The emphasis on reducing crime by effective law enforcement and punishment (or rehabilitation or, at a minimum, incapacitation) has led to the greater use of preventive detention. This, in turn, led to a constitutional challenge, using the principle of prohibition of excessive bail, recently resolved by the Supreme Court.
The pressure of overcrowding, which has been found by some courts to constitute cruel and unusual punishment, is leading many local jurisdictions to experiment with alternatives to prison. These include electronically monitored house arrest, at least for non-violent offenders who have a home and a job; and for some other offenders, chemical, psychological, and behavioral treatments aimed at behavior modification. Even surgical intervention — e. g., castration — has been proposed by one court as an alternative to prison.

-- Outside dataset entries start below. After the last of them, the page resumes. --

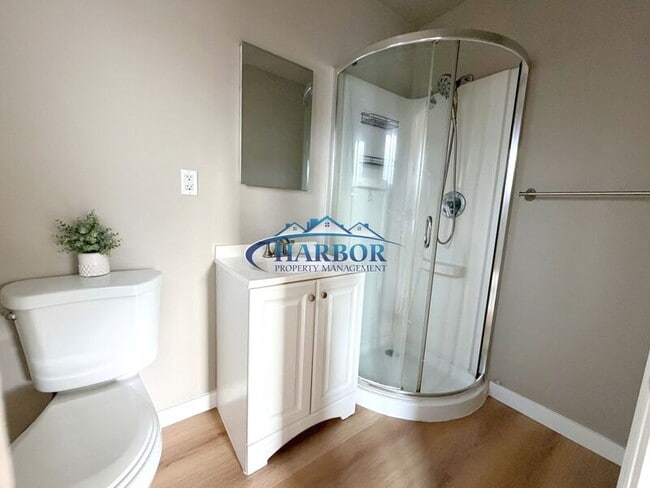 Building Photo - 543 W 5th St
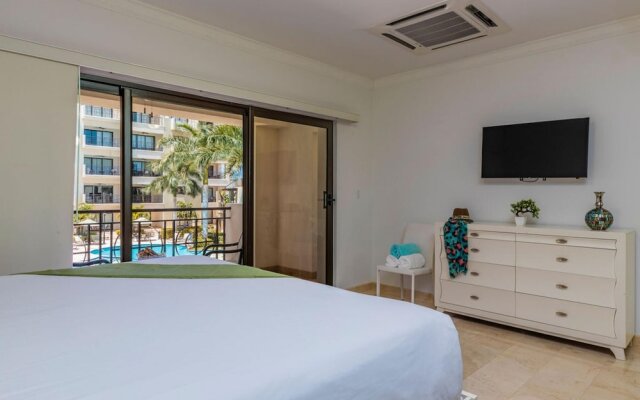 Beautiful 2BR Condo w Great Amenities Palmbeach
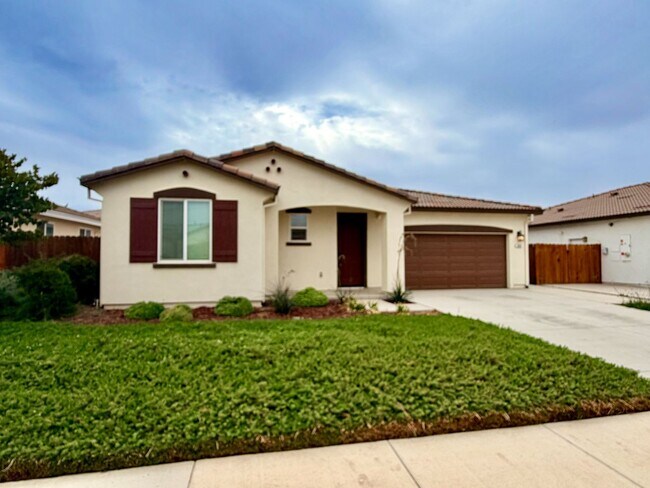 Foto del edificio - 2035 Greenbriar Dr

Alternatives to prison maybe challenged as cruel and unusual punishment. Courts have generally interpreted “cruel” to mean the imposition of bodily pain, but have recognized that this definition may change over time. Or the alternatives may be challenged as invasions of the rights of prisoners, who are considered to retain some privacy rights. As these techniques have been used so far, they always require the consent of the subject and are considered a benefit or privilege for the offender, who would otherwise go to prison or remain there longer. Some, however, question the reality of informed consent when the alternative is imprisonment.
Finally, to the degree that alternatives to prison are desirable options for the offender, there are questions about availability on an equitable basis and hence potential constitutional issues of discrimination. These issues arise because at least some of the alternatives to prison, such as electronically monitored home arrest and privately operated prisons, require prisoners either to pay the costs of the program or to have steady employment and assets, such as a fixed abode with telephone connections. Thus, those without means are likely to be ineligible. Challenges based on this factor could become even more insistent if risks of incarceration become significantly worse because of the spread of AIDS in prisons.
- Science, Technology, and the Constitution, at 14-15.